Aug 1, 2011
The Muslim Brotherhood has had a long and tangled history as an extremely fundamentalist religious and right-wing political organization, aligned with different imperialist powers.
It was set up in 1928 with money from Britain’s Suez Canal Company, and continued to be paid by British secret services. After World War II, it got funding regularly from the U.S., funneled to it through the reactionary regime of Saudi Arabia, which often added its own oil money. Both before and after World War II, the Brotherhood mobilized gangs to carry out attacks on strikes and it pushed a vast anti-communist campaign in Egypt, carrying out assassinations of communist and worker militants.

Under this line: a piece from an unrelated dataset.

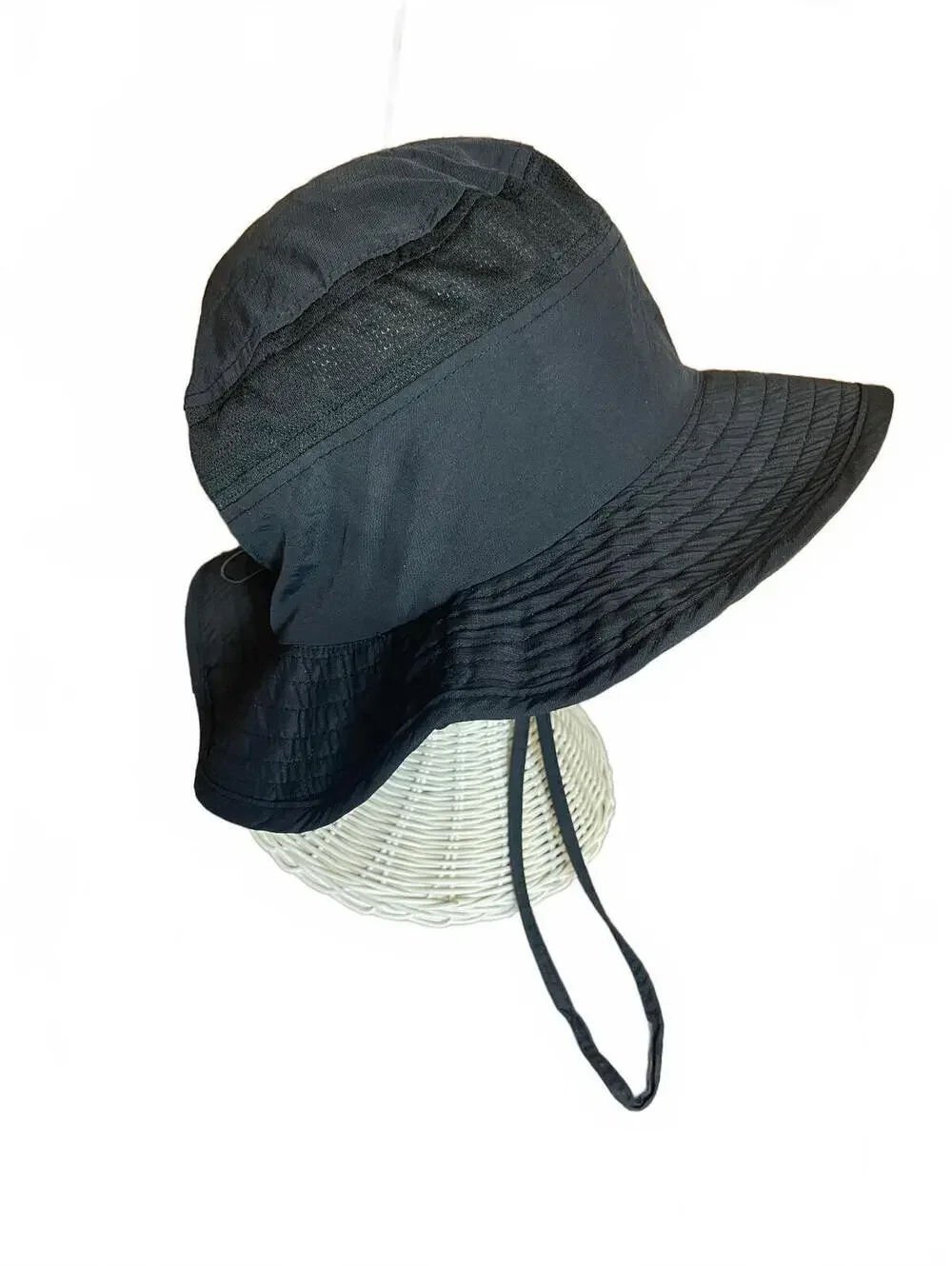 Gardenline black wide brim sun hat with toggles.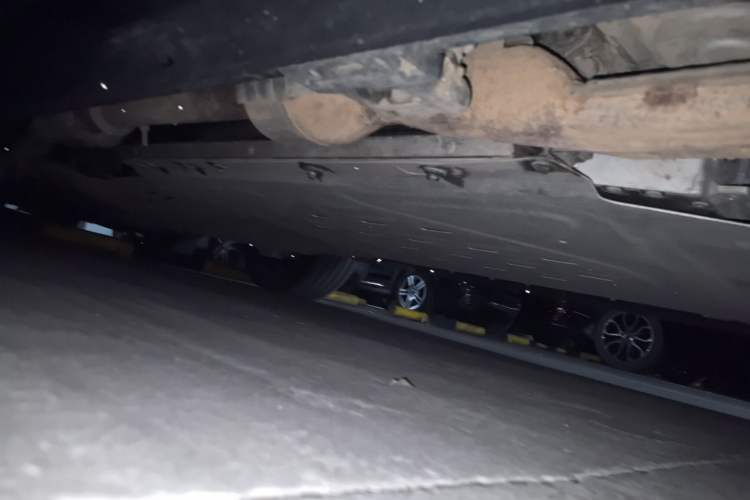 Used Yangwang U8 2025 Model U8L DingShi Edition Chassis Front Right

During the early years of Nasser’s regime – in the 1950s, after the coup of the colonels helped throw out the vestiges of British rule in Egypt – the Brotherhood conspired with Britain in plots to assassinate Nasser, and did actually assassinate lower-ranking members of Nasser’s regime. Finally, the Brotherhood was expelled from Egypt by Nasser, only to base itself in Saudi Arabia, where the Saudi regime funded it and where it worked to reinforce that regime’s reactionary version of Islam.
The Brotherhood was brought back to Egypt after Nasser’s death in 1970, sometimes to be considered illegal, sometimes not. But even when illegal, as in 2005, it was given a place in the Egyptian parliament.